As a global phenomenon, booster hesitancy changes over time, and effective interventions can be carried out [49]. Compared with the online nationwide survey conducted in China [58,59,60] before the primary immunization campaign was launched, the prevalence of COVID-19 vaccine hesitancy was about 8.7–16.5% during March to May 2020, which was significantly associated with perceived benefits, efficacy, safety concerns of vaccines and vaccine price. However, during our survey period, the population involved had different levels of vaccine awareness based on previous experience of primary COVID-19 doses, which was most influential on people’s decisions regarding the booster from our multivariate logistic regression models. Among 4039 participants, 13.0% had unsatisfactory or bad experience with primary doses, and 78 participants gave specific reasons: 59% claimed to have adverse events after primary doses, 42.3% thought it took them a long time to get vaccinated, and 28.2% experienced noisy, unsanitary and muggy conditions at the vaccination site.
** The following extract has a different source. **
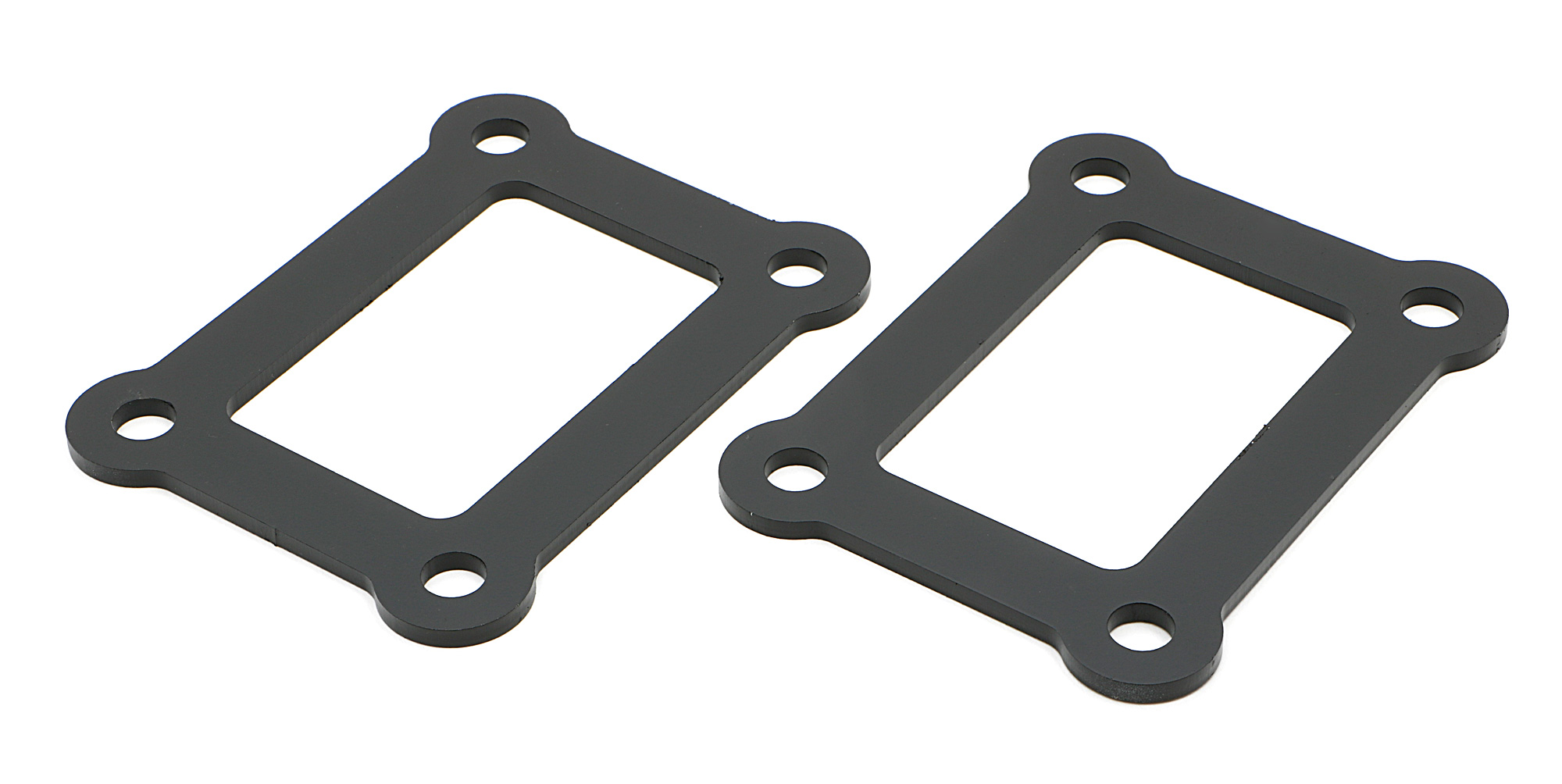 Trans-Dapt Performance 4207 - 3/16 in. Thick LS Engine Mount Shims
At the beginning of the vaccine campaign, China indeed faced a severe vaccine shortage, leading to a vaccine rush. The vaccination sites were full of people once a wave of outbreaks occurred. However, so far, China has sufficient capacity for the booster, and the vaccination sites in Zhejiang Province provide daily services to meet vaccination needs. More intelligent information technologies are applied to allow easier and better-organized access to vaccination.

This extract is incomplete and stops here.